HMRC cautioned that its compliance checks are more likely if PE fund managers’ returns include “insufficient information” on their carried interest, a performance-related reward that grants managers a share of the profits after investors above a pre-determined hurdle rate. The authority stressed it wants to see as “much information as possible” from PE executives.
Many private equity firms operating in the UK are part of international, typically US-based, firms and executives regularly use information provided by their US head offices for tax reporting purposes. However, the US runs on a calendar tax year while the UK’s runs from April to April, leading to inaccuracies on UK managers’ tax returns.
It is not uncommon for UK managers to get information in a very “US-centric way,” said Lewin Higgins-Green, head of Emea employment tax and reward at FTI Consulting. “As the carry figure is for a calendar year, people will just pretend it’s for the UK [tax] year and convert the USD figure into pounds and report that. Loads of people do that at the moment.”
“Technically it’s never been correct and you shouldn’t have been doing that, but lots of people did,” he added.
HMRC warned this could open them up to receiving penalties — which are on a sliding scale of 0 to 100 per cent of the tax due — for not “taking reasonable care”.

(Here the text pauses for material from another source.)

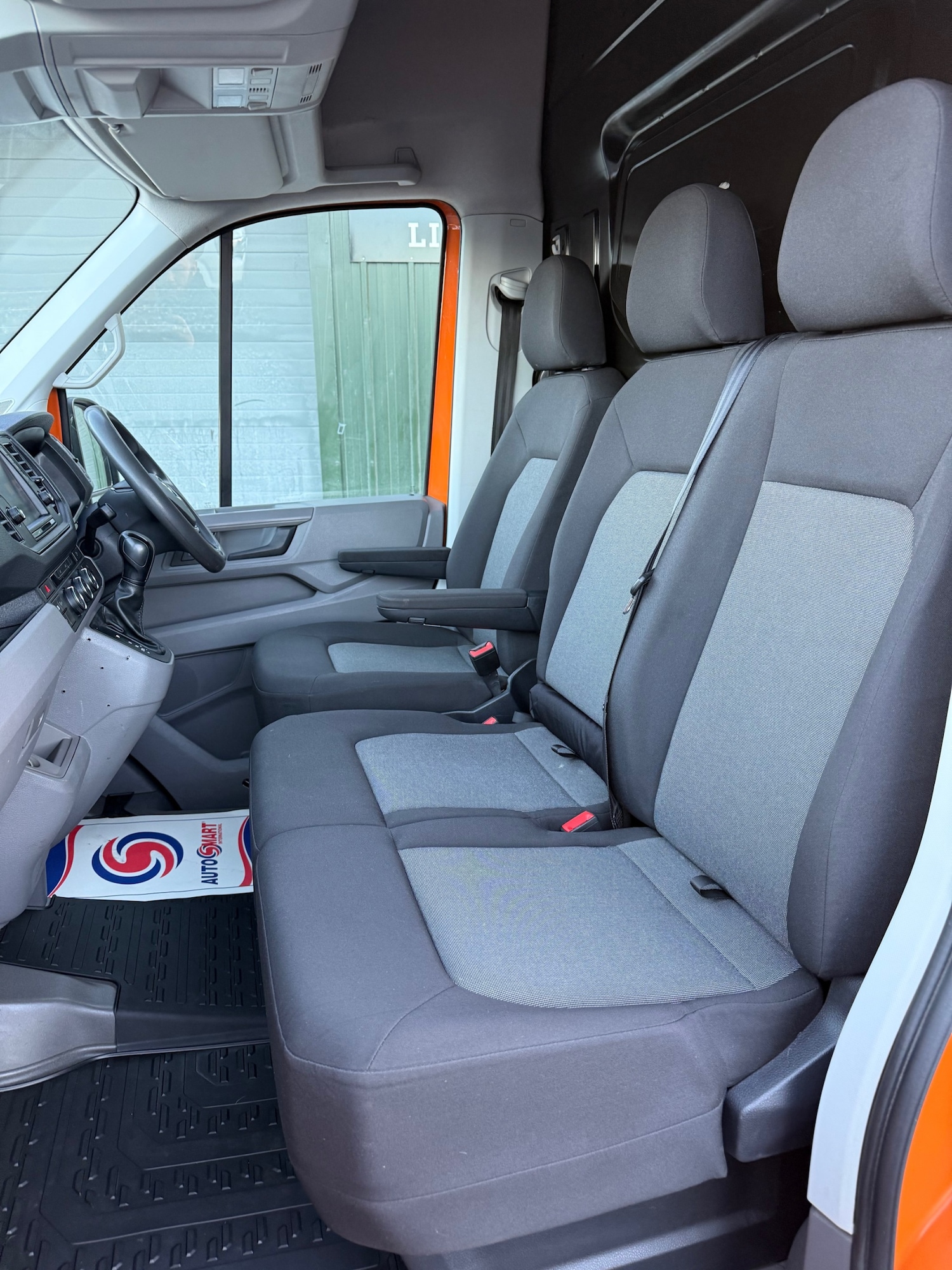 Used Volkswagen Crafter 2018 for sale - 76347303: Photo 11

In its updated guidance, HMRC acknowledged the difficulty PE executives face, but added that this difficulty “does not alter the statutory obligation” on a UK tax resident to account for the correct amount of tax on any carried interest. “If HMRC suspects the right amount of tax has not been paid, it will take action.”
Tax experts at Macfarlanes law firm said HMRC’s change to its guidance “has the potential to cause concern” for executives in the PE industry.
“The new guidance is likely to increase the compliance burden and, potentially, the risk of challenge for individuals who have previously relied on non-UK specific tax reporting information in preparing their returns,” two of its associates wrote on its website last month.
The note continued: “HMRC’s example of a US tax form being insufficient is particularly unhelpful, since many fund managers use at least some non-UK focused tax reporting information in preparing their tax returns and this approach has, broadly, been accepted by HMRC to date, where UK specific information is not readily available.”
Higgins-Green said that part of the difficulty for executives stemmed from the UK’s unusual tax year. The 12-month reporting window has ended in April since the UK switched from the Gregorian calendar in the mid 1700s.
“It’s very bizarre that we in the UK stick rigidly with our April 6-April 5 year, it makes it really difficult for people who have global things going on,” he said.
HMRC said: “We’ve not changed the way carried interest should be reported. Everyone is responsible for their own taxes and our updated guidance will help customers get it right first time, reducing the risk of a compliance check.”